Hey, this post got more attention than I thought.
Happy to answer your questions and get some feedback on what to improve.
Maybe people are interested in some tech:
My colleague Jakub and me built this site with GatsbyJS and Cloudflare Edge Workers. The 99th percentile of response times from the workers is currently 9.7ms, which is impressive.
The code is fully open source on Github [1].
It is based on submissions by 190 individual contributors so far [2]
We went for an open model and completely depend on Github sponsors for the funding. We are not trying to rapidly grow here, rather build a steady business.
You can read more about the buisness model in our first blog post [3].
If your company might be interested in sponsoring, let us know or check the offerings here: https://github.com/sponsors/analysis-tools-dev/ <3
Nice list! But I'm curious how you plan to improve the comparability? Static analysis covers a wide range, and I'd dare to say a beautifier is a little bit different than a rule checker, which is again a little bit different than an absence-of-error prover.
Disclaimer: I work in the field and am probably a bit biased ;)
Good point. Couple of thoughts:
It helps to put different tools (formatters, linters) into separate groups per language.

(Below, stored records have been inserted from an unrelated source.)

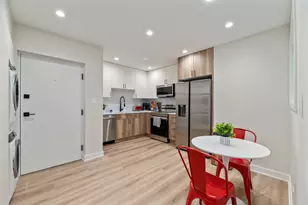 7109 N Western Ave, Chicago, IL 60645 - Photo 8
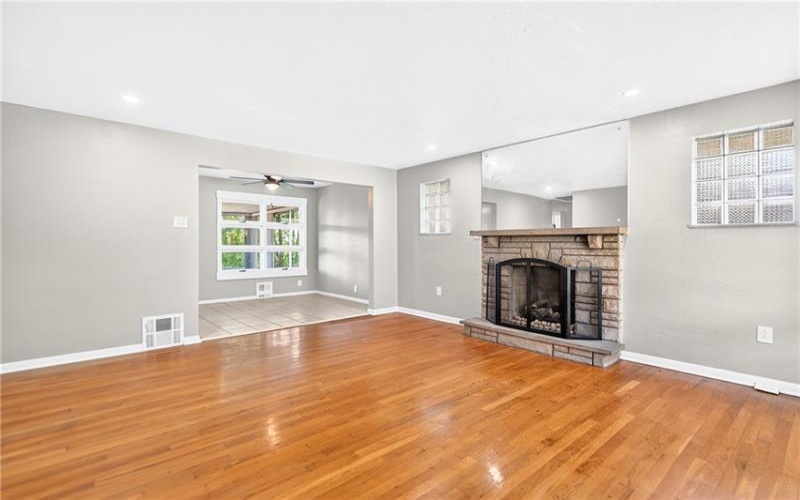 621 Woodland Road, Canonsburg, 15317, 3 Bedrooms Bedrooms, 10 Rooms Rooms,2 BathroomsBathrooms,Residential,For Sale,Woodland Road,1766255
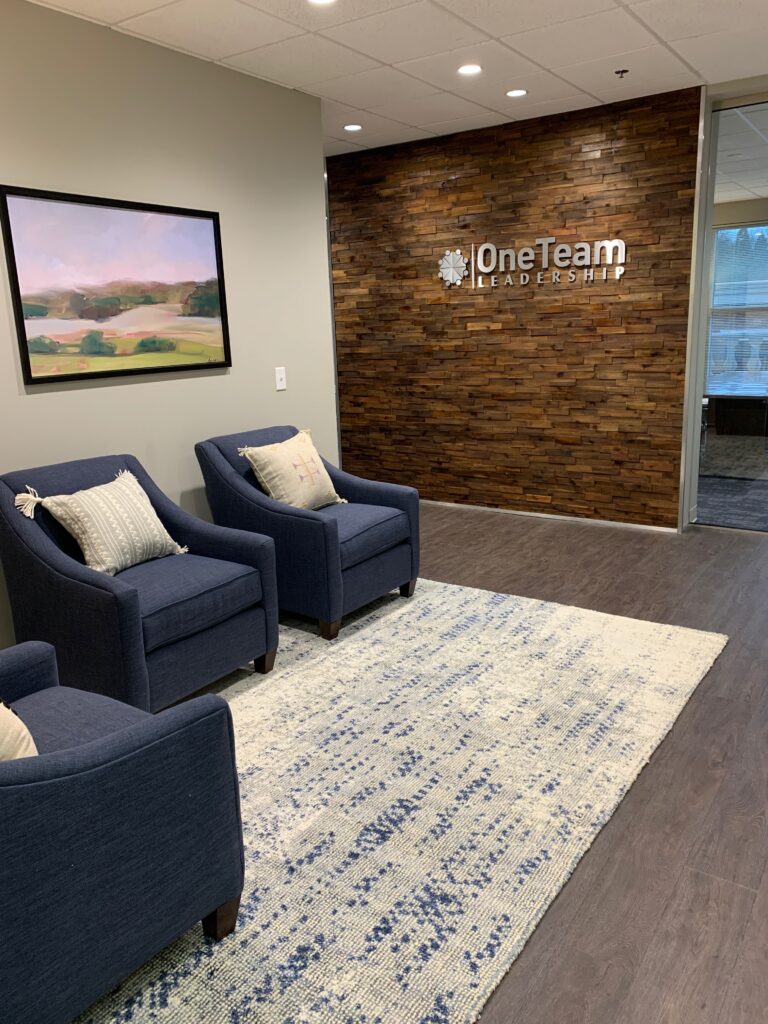 Gewerblicher Wartebereich mit Holz-Akzentwand – Innenausbau durch Majetic Raum & Ausbau für Geschäftskunden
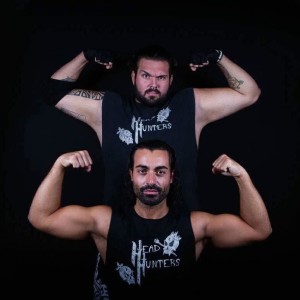 Nella foto, in alto: The Entertrainer e Kronos formano il tag team "Headhunters"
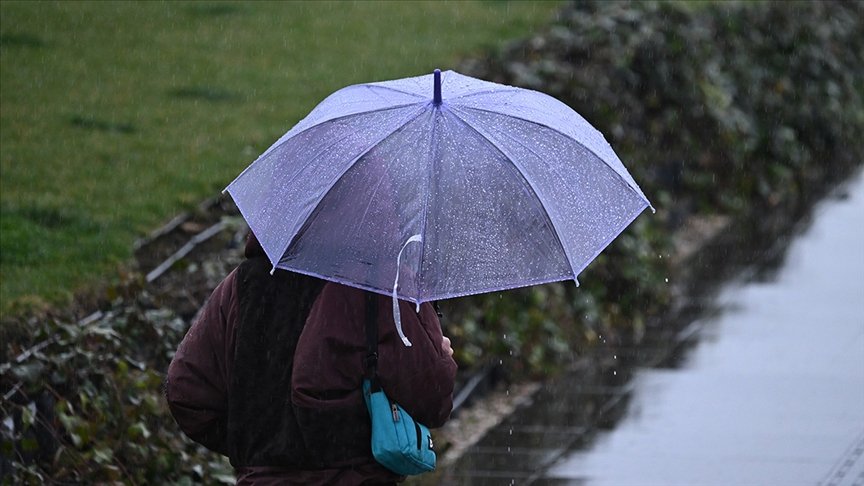 Meteoroloji’den yeni rapor! Gitmeden geri döndü! İstanbul dahil 10 ilde sağanak yolda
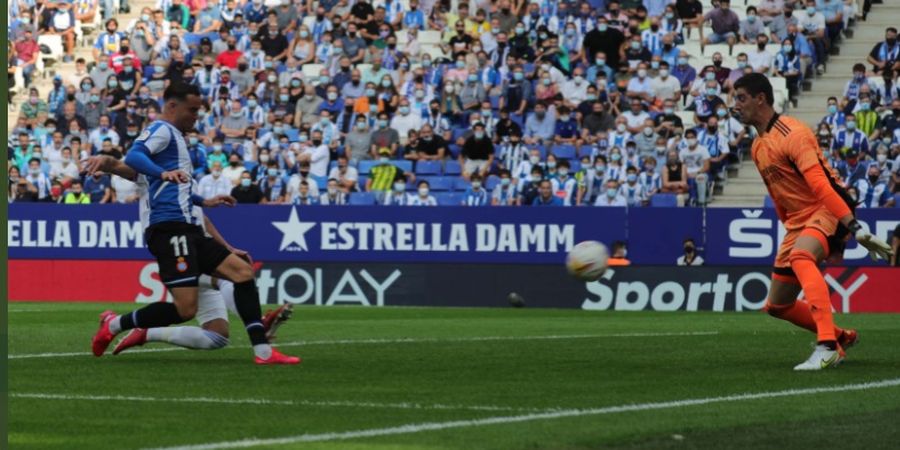 Real Madrid Gagal Cetak Sejarah Menawan Usai Dihajar Rival Barcelona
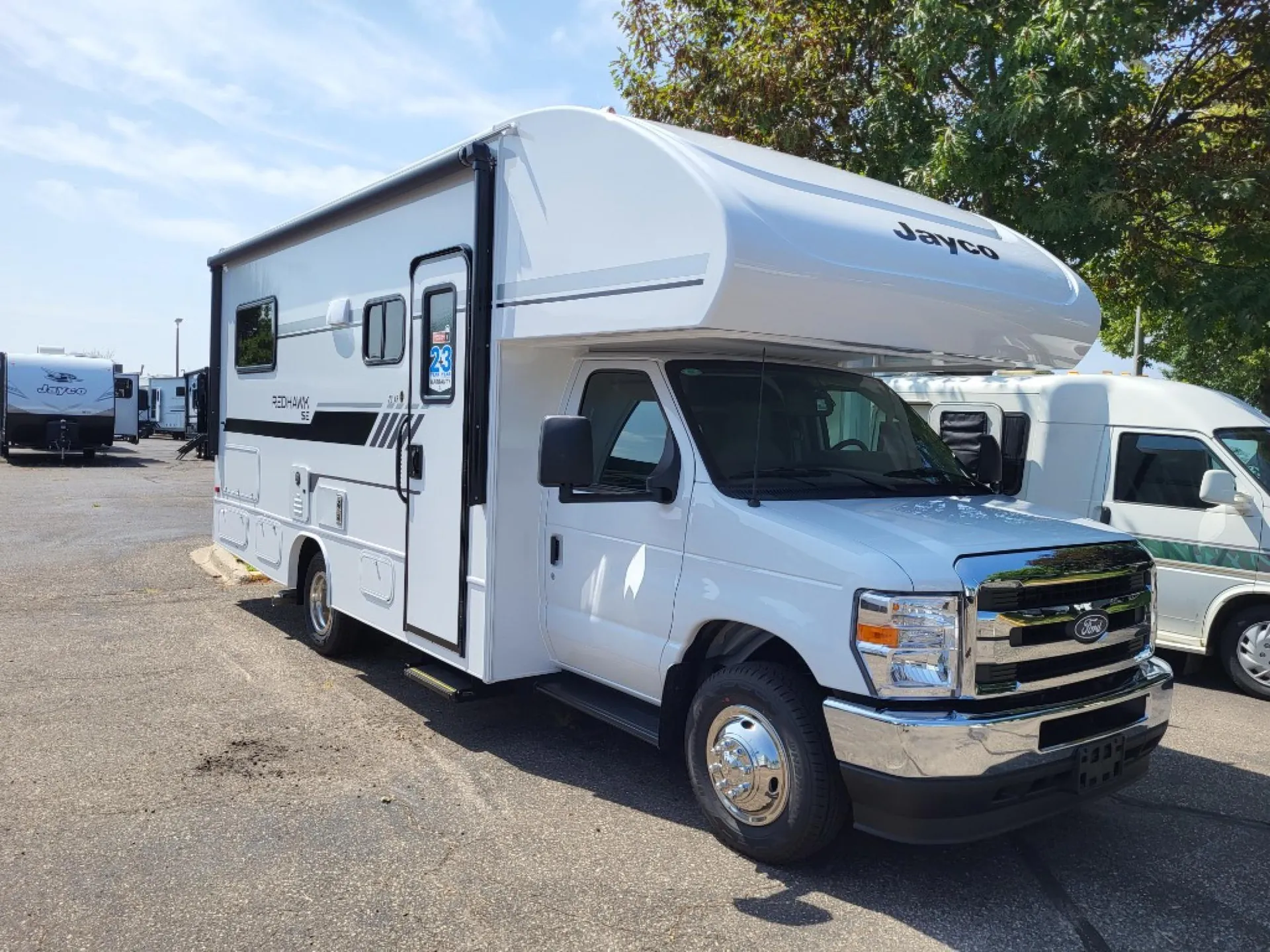 2027 Jayco Redhawk SE 22AF - Photo 2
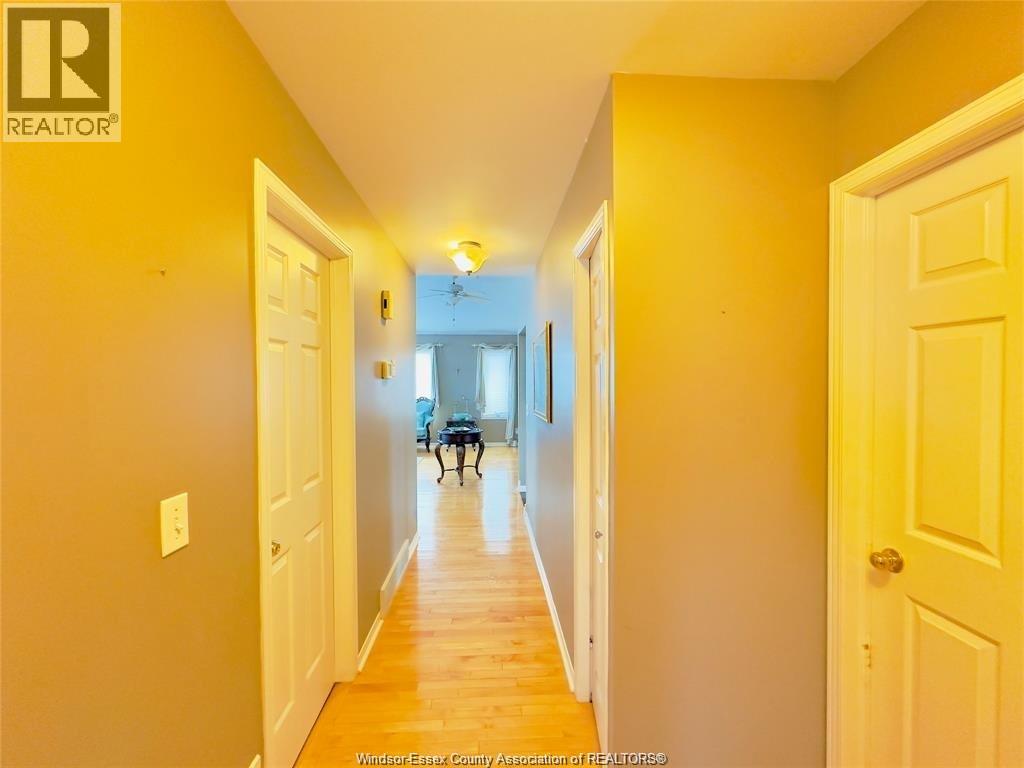 1655 BIRCHWOOD CRESCENT - 13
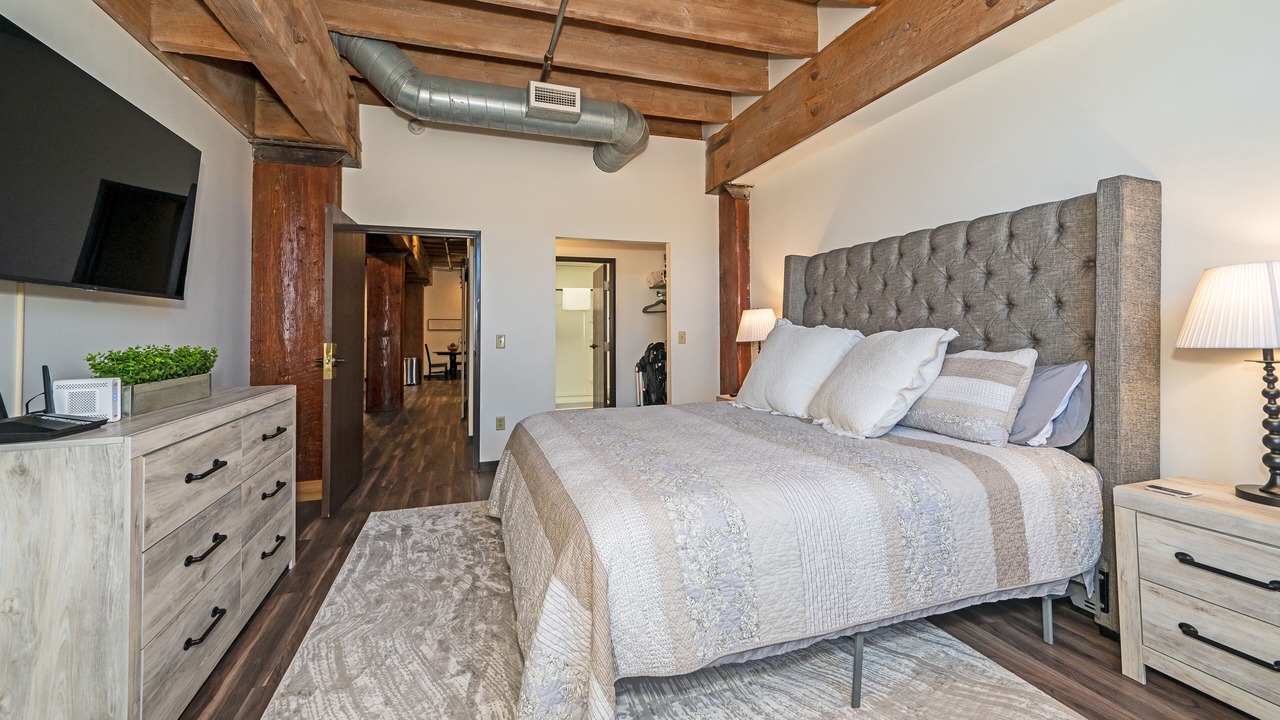 Photo of Bedroom in St. Louis County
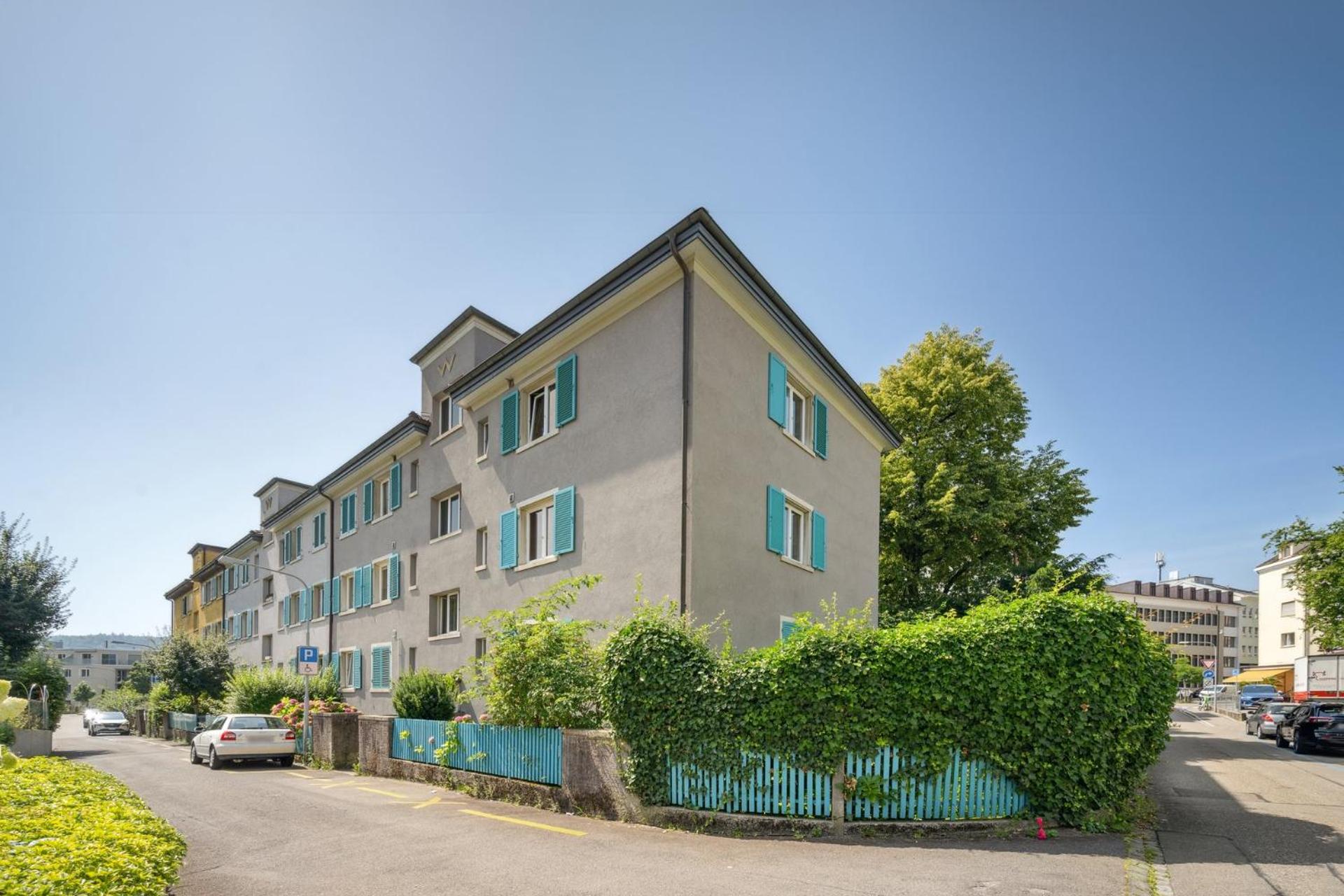 Comfortable stay in Oerlikon 20 minutes away from Zurich Airport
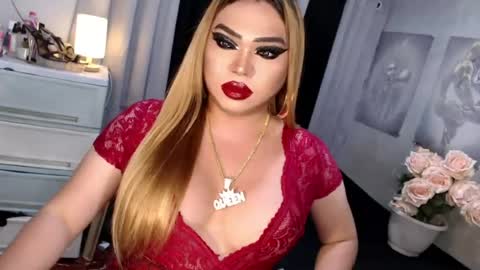 vana online show from August 2, 9:00 pm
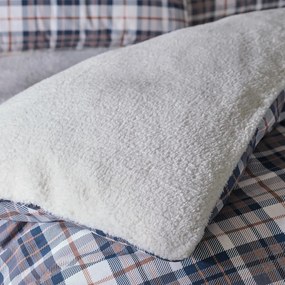 Синьо -бежово двойно удължено спално бельо от шерпа 230x220 cm Cosy Sherpa Check – Catherine Lansfield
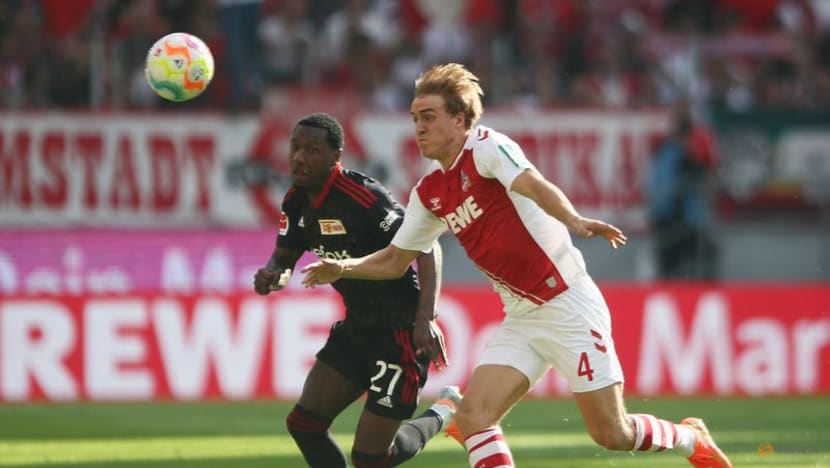 Own goal sends Union Berlin to top of Bundesliga Own goal sends Union Berlin to top of Bundesliga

On top of that, adding the mode of execution (rule-based, AST-based and so on) would help with classification, too, but it's a lot of work that we could need help with over on Github.
One thing that has become quite obvious for us is that people are interested in filtering based on web-services, commandline tools and so on, which we will add. That data is already there, we just haven't gotten around to adding filters to the site. Same for filtering by proprietary vs open source licenses. Many other categories come to mind. The challenge is to make it a helpful tool for beginners in the field while also adding features to drill down on the details. If you or anyone likes to discuss that further or wants to help build it, head over to https://github.com/analysis-tools-dev/website/issues/11. That's one big advantage of building a product in the open. :)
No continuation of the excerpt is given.